In the extraordinary area below the roofs, characterised by huge hills of earth, those who lived at the Fort in the past take centre stage. The memories of the inhabitants of Exilles, their feelings for the Fort, come to life through ethereal images of actors projected onto the walls along the visitor route. The result is extraordinarily evocative; word and gesture are especially poetic and moving and introduce the visitor to a rare, precious and quite unexpected intimacy, where the readings, taken as knowledge of the events, is something new and surprising. Images of a couple appear on the enormous mounds that rise at the centre of the space: an Alpine soldier and a young woman dance; the serious thoughtful face of the captain remains an immobile witness at the centre.

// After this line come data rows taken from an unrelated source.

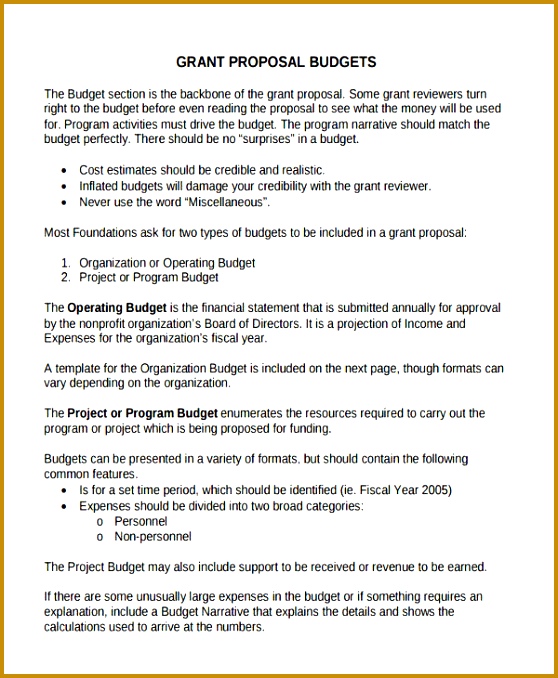 non profit project sample 678558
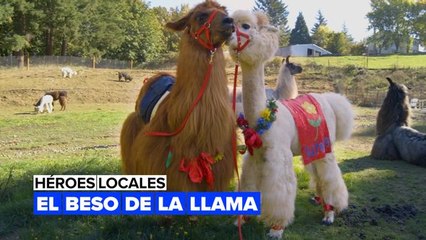 Héroes locales: el beso de la llama
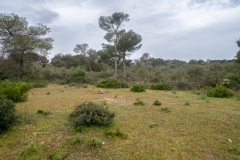 ZFC_2941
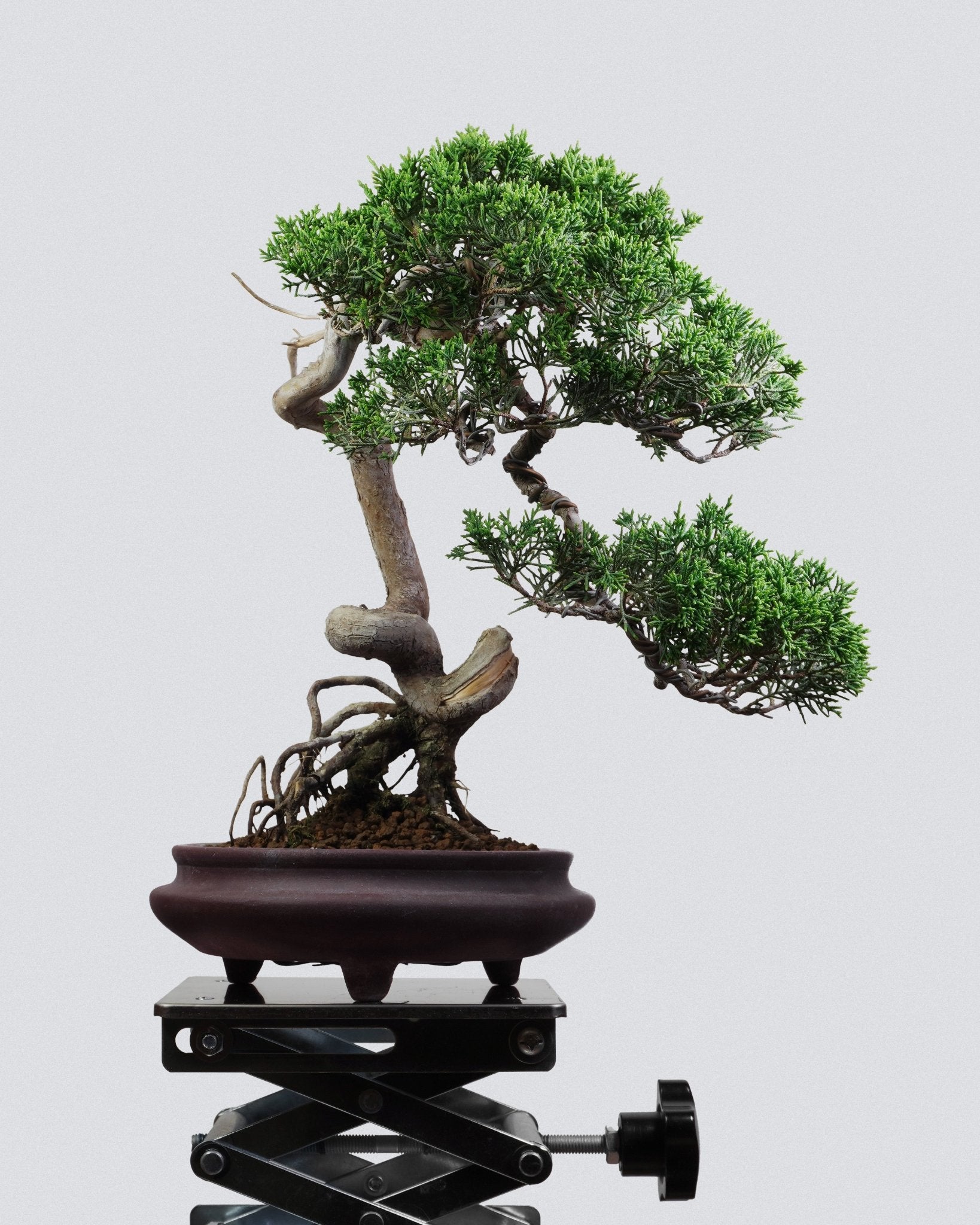 系魚川真柏 Itoigawa Juniper Bonsai 穩定樹冠與強烈扭曲主幹展示 盆景香港室內植物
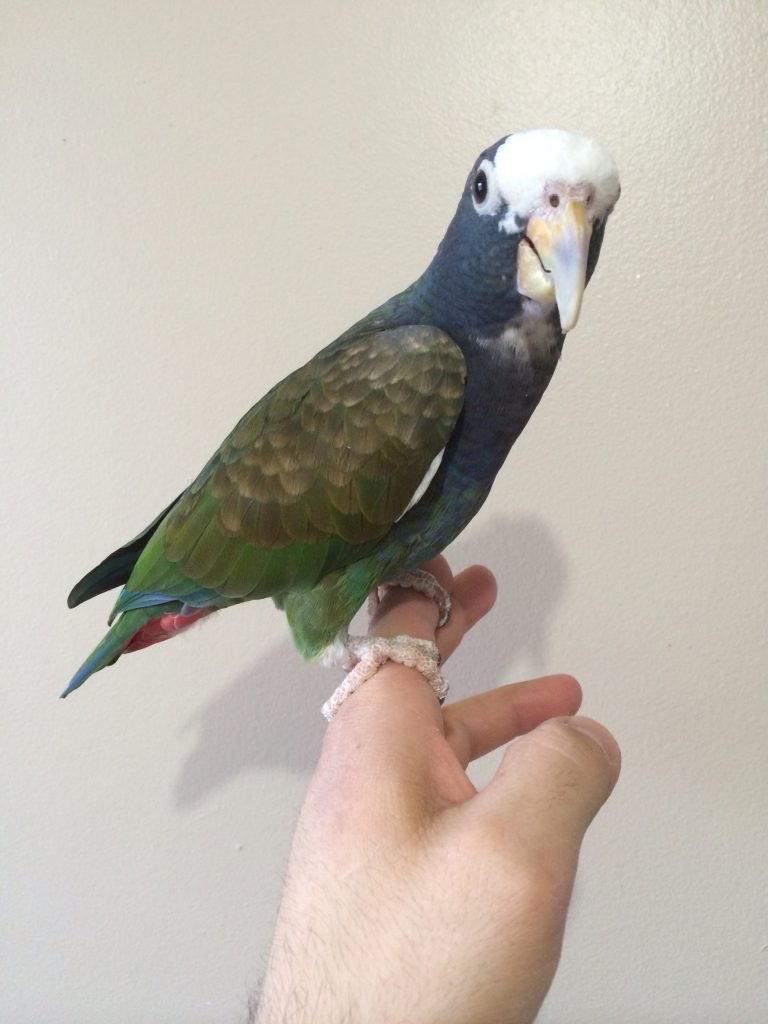 White-Crowned Pionus for sale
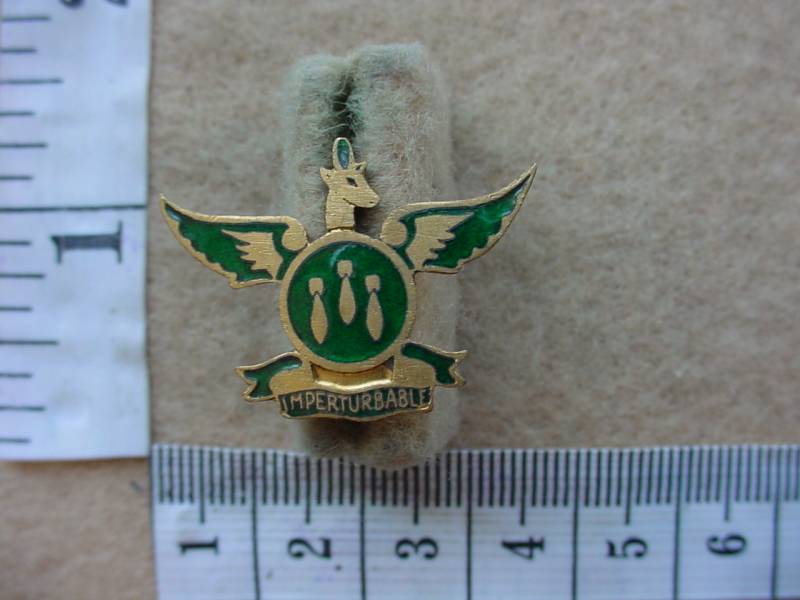 6502 SA Air Force 3 Medium Bomber Wing WWII lapel badge (Ref. AF SA)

So that is the other face of the Fort: up here you sometimes came to dance!
A short story runs along the beams of the roof, excerpts from the The Tartar Steppe, a novel by Dino Buzzati, who was apparently influenced by this fortress when writing the novel.
The voices and far-off memories of the elderly inhabitants of the village of Exilles materialise on the old walls of the Fort, interpreted by the actors Paola Roman
and Giorgio Lanza.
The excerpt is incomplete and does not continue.